### Data in this exercise
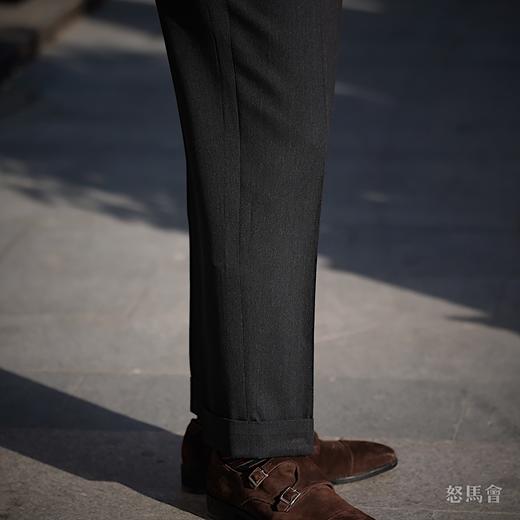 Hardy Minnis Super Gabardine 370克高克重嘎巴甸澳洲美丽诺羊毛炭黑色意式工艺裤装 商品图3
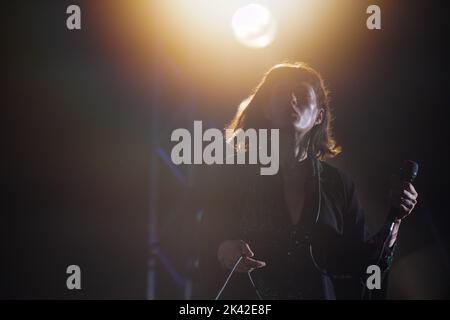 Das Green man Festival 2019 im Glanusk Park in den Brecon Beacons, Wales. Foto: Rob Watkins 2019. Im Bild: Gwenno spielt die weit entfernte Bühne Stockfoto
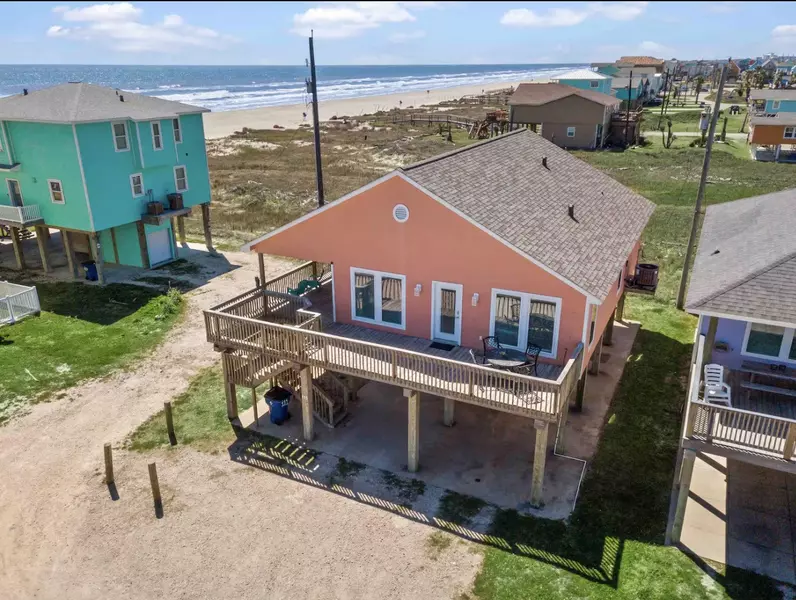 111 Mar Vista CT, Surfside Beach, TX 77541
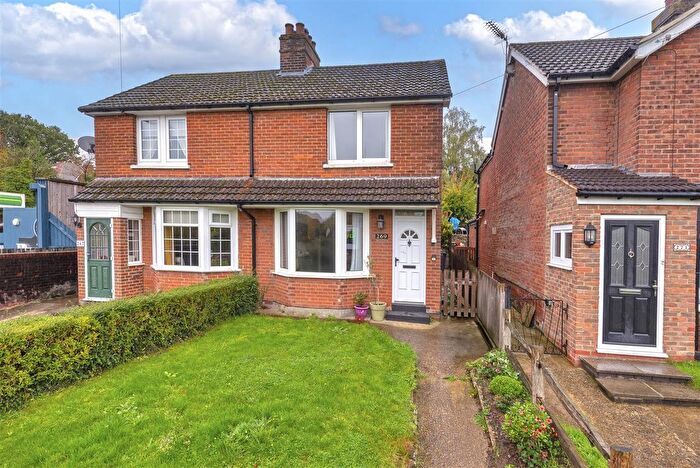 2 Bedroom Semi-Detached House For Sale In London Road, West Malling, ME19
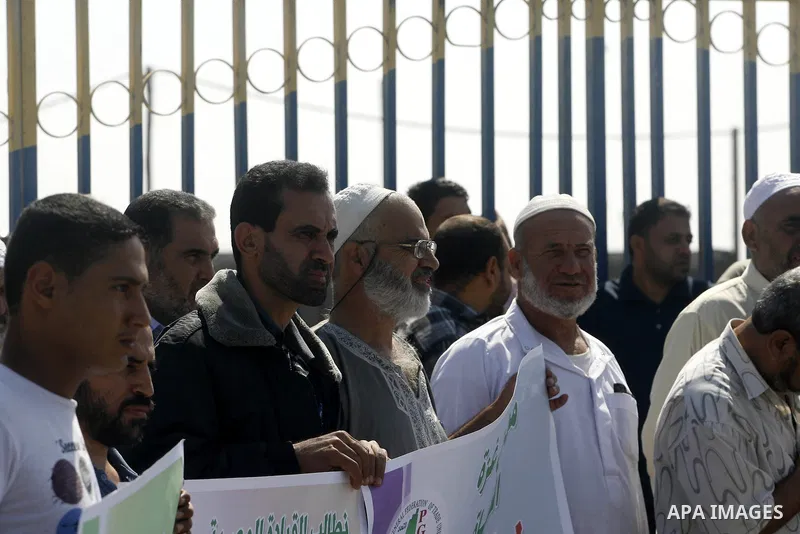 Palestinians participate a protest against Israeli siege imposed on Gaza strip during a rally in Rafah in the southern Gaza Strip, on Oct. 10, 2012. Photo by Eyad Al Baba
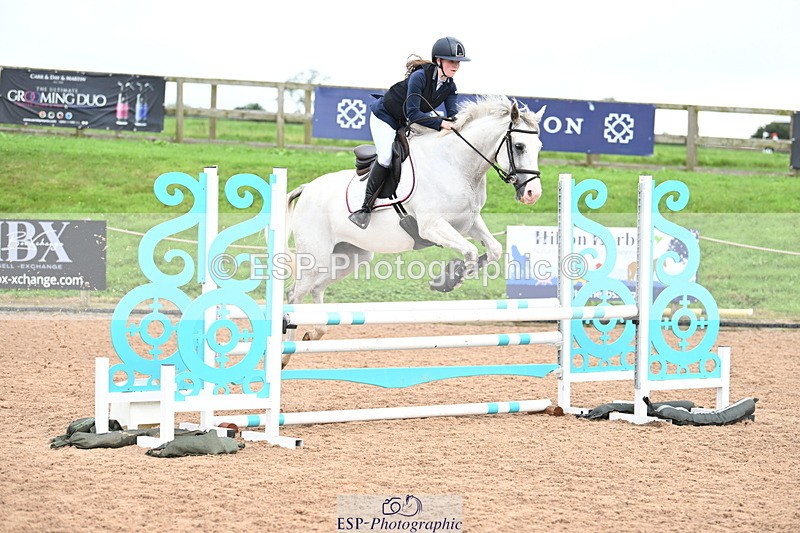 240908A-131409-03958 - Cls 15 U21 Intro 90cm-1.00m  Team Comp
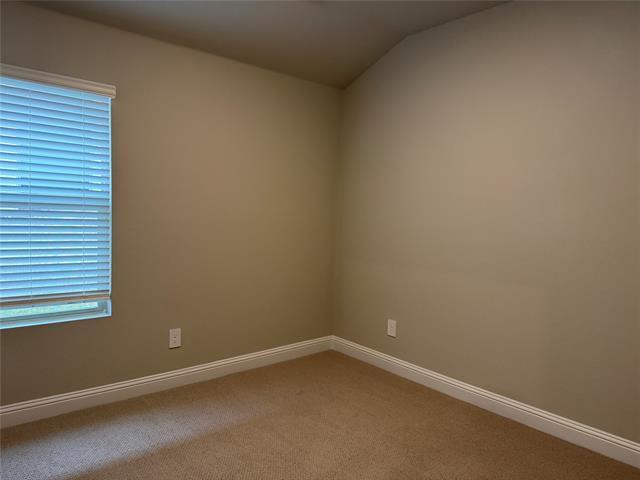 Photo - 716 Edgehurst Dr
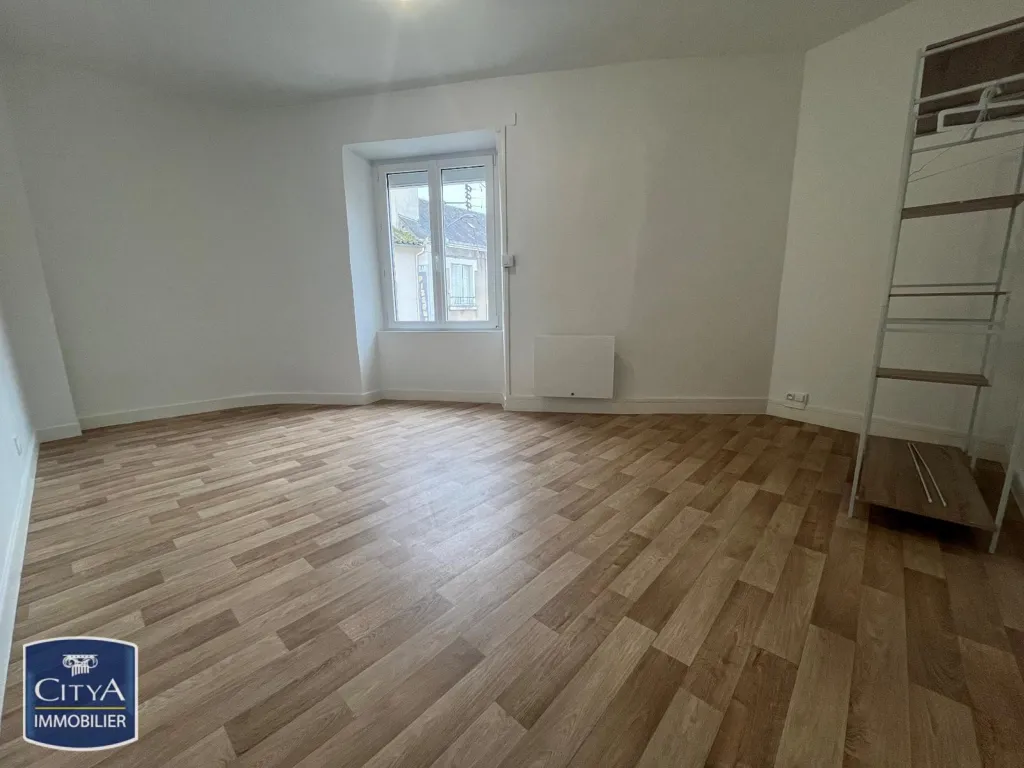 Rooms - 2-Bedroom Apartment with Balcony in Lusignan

### Your assignment
Go to the line above holding "2 Bedroom Semi-Detached", then copy exactly each line down to and including the one holding "Palestinians participate a", leaving pictures out.

### Reply
 2 Bedroom Semi-Detached House For Sale In London Road, West Malling, ME19
 Palestinians participate a protest against Israeli siege imposed on Gaza strip during a rally in Rafah in the southern Gaza Strip, on Oct. 10, 2012. Photo by Eyad Al Baba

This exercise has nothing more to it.